Kore'deki Türk Tugayı, bir süre onlar tarafından da böyle çok methedilmişti.

Dışişleri'ndeki yetkili, daha az keskin ifadeli değildi. Gerçi yer yer çok ciddi doğrulara da değindi. Örneğin, ‘‘Türkiye'yi anlamakta çok güçlük çekiyorum: Türk hükümeti neden ülkenizi hâlâ dünyada en fazla gazetecinin hapsedildiği bir ülke olmaktan çıkartmıyor, anlamıyorum’’ dedi. Tabii, bunu anlamakta bunca yıldır benim de sıkıntı çektiğimi söyledim.

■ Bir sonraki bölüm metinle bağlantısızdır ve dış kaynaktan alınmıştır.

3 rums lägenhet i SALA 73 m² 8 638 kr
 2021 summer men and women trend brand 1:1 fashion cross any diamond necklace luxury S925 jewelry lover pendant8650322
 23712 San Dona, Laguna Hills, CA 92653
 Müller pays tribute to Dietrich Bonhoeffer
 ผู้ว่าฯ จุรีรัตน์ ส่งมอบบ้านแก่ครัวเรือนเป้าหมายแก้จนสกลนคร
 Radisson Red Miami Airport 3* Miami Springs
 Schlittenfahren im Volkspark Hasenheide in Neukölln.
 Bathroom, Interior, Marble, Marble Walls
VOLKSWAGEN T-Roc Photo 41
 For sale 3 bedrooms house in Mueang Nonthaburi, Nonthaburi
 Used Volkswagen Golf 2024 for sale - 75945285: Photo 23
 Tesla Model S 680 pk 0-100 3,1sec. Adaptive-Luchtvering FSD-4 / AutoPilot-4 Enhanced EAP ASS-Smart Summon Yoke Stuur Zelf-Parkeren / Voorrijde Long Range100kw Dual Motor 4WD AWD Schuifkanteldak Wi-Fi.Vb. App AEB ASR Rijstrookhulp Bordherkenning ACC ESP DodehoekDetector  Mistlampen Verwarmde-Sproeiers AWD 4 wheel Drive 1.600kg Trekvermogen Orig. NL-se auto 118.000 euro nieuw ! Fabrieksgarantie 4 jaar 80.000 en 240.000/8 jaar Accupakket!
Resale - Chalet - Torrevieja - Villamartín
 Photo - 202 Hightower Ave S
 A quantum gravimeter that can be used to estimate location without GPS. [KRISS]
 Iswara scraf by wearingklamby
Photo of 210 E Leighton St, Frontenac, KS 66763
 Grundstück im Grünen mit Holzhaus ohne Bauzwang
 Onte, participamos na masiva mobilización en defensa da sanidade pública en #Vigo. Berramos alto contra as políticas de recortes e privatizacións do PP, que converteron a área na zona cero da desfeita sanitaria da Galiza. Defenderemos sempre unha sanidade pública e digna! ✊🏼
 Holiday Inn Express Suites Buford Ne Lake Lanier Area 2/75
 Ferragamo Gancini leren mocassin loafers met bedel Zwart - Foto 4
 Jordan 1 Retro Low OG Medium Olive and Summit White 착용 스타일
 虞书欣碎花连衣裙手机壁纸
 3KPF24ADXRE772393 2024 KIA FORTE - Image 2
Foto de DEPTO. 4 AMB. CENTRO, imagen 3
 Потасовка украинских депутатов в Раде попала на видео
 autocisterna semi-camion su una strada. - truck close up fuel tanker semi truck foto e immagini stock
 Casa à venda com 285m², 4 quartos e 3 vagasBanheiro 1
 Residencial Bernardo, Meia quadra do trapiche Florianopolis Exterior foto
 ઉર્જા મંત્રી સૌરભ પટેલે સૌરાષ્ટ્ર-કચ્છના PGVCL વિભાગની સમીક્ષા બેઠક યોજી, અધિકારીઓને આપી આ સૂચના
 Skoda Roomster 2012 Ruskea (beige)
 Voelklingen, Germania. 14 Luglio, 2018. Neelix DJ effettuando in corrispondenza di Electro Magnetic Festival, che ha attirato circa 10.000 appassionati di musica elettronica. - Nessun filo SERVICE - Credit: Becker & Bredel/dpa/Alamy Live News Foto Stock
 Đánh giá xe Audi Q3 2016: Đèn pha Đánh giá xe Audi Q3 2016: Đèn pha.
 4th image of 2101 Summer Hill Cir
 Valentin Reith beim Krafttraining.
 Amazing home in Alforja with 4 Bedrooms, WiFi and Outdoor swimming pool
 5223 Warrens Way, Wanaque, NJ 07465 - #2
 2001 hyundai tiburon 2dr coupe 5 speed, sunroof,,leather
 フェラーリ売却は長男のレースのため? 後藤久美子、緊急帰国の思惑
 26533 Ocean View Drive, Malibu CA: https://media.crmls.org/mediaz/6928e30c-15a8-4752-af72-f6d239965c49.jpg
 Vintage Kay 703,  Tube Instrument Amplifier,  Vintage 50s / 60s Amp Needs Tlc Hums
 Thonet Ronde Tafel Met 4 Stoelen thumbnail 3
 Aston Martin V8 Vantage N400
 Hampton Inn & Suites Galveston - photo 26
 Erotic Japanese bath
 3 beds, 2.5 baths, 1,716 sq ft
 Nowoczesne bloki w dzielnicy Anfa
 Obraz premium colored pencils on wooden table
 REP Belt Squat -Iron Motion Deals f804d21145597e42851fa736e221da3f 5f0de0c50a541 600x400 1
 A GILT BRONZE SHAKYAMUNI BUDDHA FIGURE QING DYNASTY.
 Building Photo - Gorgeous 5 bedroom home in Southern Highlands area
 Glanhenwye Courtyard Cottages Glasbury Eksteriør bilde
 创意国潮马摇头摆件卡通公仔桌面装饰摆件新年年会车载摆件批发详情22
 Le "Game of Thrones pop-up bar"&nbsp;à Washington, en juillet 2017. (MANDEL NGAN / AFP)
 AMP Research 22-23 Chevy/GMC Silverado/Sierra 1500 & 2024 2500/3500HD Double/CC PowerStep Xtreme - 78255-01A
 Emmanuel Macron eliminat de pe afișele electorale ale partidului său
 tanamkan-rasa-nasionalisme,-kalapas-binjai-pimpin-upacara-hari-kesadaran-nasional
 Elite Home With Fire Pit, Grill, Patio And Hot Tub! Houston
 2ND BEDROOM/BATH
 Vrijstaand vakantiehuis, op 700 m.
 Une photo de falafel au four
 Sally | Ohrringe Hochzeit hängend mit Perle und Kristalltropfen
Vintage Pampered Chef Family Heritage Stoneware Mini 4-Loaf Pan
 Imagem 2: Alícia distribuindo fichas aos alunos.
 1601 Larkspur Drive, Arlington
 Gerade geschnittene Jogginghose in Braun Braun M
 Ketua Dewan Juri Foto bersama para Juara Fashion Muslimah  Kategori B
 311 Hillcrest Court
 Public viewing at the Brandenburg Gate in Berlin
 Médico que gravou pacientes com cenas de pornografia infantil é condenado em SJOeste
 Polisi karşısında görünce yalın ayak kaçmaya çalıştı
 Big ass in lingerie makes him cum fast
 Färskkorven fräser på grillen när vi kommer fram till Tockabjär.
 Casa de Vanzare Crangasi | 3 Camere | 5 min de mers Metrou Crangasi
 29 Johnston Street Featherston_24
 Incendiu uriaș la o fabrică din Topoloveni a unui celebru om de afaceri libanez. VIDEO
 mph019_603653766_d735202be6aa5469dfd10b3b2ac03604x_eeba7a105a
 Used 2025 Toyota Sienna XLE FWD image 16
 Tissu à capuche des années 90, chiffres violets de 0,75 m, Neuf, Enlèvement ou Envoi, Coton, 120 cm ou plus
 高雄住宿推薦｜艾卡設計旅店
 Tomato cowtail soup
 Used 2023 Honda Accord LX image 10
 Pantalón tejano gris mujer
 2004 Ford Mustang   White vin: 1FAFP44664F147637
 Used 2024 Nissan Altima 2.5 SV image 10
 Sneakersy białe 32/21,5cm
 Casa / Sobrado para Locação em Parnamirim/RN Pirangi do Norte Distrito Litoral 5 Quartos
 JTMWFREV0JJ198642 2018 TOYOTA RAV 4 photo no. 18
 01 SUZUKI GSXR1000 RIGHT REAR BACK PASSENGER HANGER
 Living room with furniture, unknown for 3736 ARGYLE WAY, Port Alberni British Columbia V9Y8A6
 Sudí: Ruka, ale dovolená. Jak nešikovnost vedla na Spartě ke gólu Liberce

Muhatabım ‘‘Terörle mücadele yasasının terör kavramının sınırlarını çok geniş tutmasından’’ şikâyet etti. ‘‘Bir terör örgütüne üye olmanın değil, terör eylemine katılmanın suç sayılması gerektiğini’’ savundu. ‘‘Bizde (ABD'de) kural budur’’ dedi. Kendisine ‘‘HAMAS üyelerine karşı izledikleri politikayı’’ anımsatmamdan hiç haz etmedi. Daha sonra ‘‘Leyla Zana'nın hâlâ hapiste olmasını’’ eleştirdi.

İlginçtir: Aramızda bu konuşmanın geçtiği gün, Washington Post'ta Zana'nın özgürlüğüne kavuşması için Türk hükümetine çağrı yapan bir ilan vardı. Yani size bir şey söyledikleri zaman, onun o ağızdan tesadüfen çıkmadığını hemen görüyorsunuz.

Ama baktım, onu aslında Türkiye'nin daha çok demokrat olmasından çok, ABD'nin sözlerini daha çok dinleyen bir ülke olması ilgilendiriyor.

Aslında başka ne beklemek gerekir ki?